China is the world's second largest importer of crude oil.

And with a growing demand for the black gold the country is turning its cheap surplus coal into liquid fuel.

Coal giant Shenhua produces almost 3,000 tons of diesel daily from coal at its massive plant in Ordos in Inner Mongolia.

The process, called coal liquefaction, produces only a small proportion of the total amount of fuel that has still to be imported.

But Zhang Jiming, a manager at Shenhua, says the process is an investment in the future.

[Zhang Jiming, Manager, Shenhua]:
"Beginning to develop crude oil has its limitations. There are very few crude oil resources. But there are, relatively speaking, a lot of coal resources worldwide. So in the future, when oil resources start to decrease, we'll have to heavily rely on coal. Therefore, breaking this path open is not merely beneficial in strategic terms for China but the entire world when it comes to developing energy sources."


Coal liquefaction produces twice as much CO2 as traditional coal industries and China is already the world's top polluter.

The process also relies heavily on water - a resource that many coal mining regions lack, says Shi Shidong, chief engineer at the China Coal Research Institute.

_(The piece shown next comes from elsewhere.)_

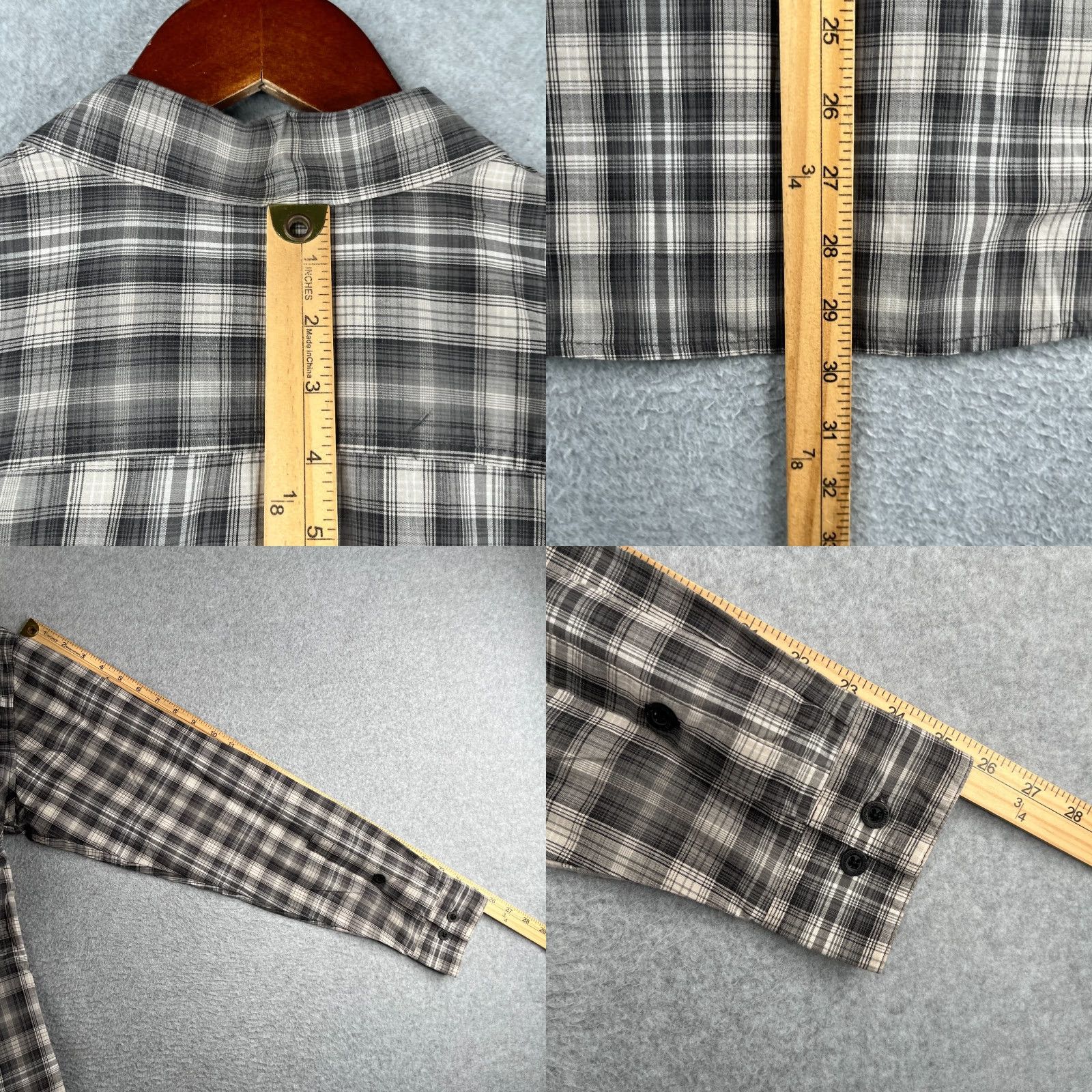 Vintage Columbia Regular Fit Shirt Button-Up Long Sleeve Mens Large Black Plaid Casual Size US L / EU 52-54 / 3 - 8 Thumbnail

[Shi Shidong, Chief Engineer, China Coal Research Institute]:
"When it comes to developing this further, it'll be limited by the availability of water, since one ton of oil needs about six to eight tons of water. And the western parts of China lack water. So how big this will become depends on the availability of water."

But China's crude oil imports hit a monthly record high in September of nearly 24 million tons.

With this kind of demand, China may decide to satisfy its thirst for diesel regardless of the cost.